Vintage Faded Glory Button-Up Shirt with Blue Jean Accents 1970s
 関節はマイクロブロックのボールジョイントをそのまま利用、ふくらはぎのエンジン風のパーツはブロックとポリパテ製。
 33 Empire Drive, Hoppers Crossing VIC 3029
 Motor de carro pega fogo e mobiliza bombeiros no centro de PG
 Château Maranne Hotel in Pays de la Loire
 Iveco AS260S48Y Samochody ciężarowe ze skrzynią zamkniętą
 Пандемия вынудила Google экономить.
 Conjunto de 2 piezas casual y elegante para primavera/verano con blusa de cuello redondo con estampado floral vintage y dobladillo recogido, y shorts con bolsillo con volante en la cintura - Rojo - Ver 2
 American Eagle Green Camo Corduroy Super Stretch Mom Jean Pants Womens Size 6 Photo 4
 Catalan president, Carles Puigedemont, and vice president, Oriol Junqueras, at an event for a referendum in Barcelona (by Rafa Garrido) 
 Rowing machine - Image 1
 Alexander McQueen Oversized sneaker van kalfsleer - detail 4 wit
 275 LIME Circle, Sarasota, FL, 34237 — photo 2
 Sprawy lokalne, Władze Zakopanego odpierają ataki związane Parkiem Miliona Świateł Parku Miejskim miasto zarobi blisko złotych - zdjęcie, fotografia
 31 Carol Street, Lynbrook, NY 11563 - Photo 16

○ ○ ○ ○ ○

Each record above is to be written out again exactly.

→ Response to the exercise:
Vintage Faded Glory Button-Up Shirt with Blue Jean Accents 1970s
 関節はマイクロブロックのボールジョイントをそのまま利用、ふくらはぎのエンジン風のパーツはブロックとポリパテ製。
 33 Empire Drive, Hoppers Crossing VIC 3029
 Motor de carro pega fogo e mobiliza bombeiros no centro de PG
 Château Maranne Hotel in Pays de la Loire
 Iveco AS260S48Y Samochody ciężarowe ze skrzynią zamkniętą
 Пандемия вынудила Google экономить.
 Conjunto de 2 piezas casual y elegante para primavera/verano con blusa de cuello redondo con estampado floral vintage y dobladillo recogido, y shorts con bolsillo con volante en la cintura - Rojo - Ver 2
 American Eagle Green Camo Corduroy Super Stretch Mom Jean Pants Womens Size 6 Photo 4
 Catalan president, Carles Puigedemont, and vice president, Oriol Junqueras, at an event for a referendum in Barcelona (by Rafa Garrido) 
 Rowing machine - Image 1
 Alexander McQueen Oversized sneaker van kalfsleer - detail 4 wit
 275 LIME Circle, Sarasota, FL, 34237 — photo 2
 Sprawy lokalne, Władze Zakopanego odpierają ataki związane Parkiem Miliona Świateł Parku Miejskim miasto zarobi blisko złotych - zdjęcie, fotografia
 31 Carol Street, Lynbrook, NY 11563 - Photo 16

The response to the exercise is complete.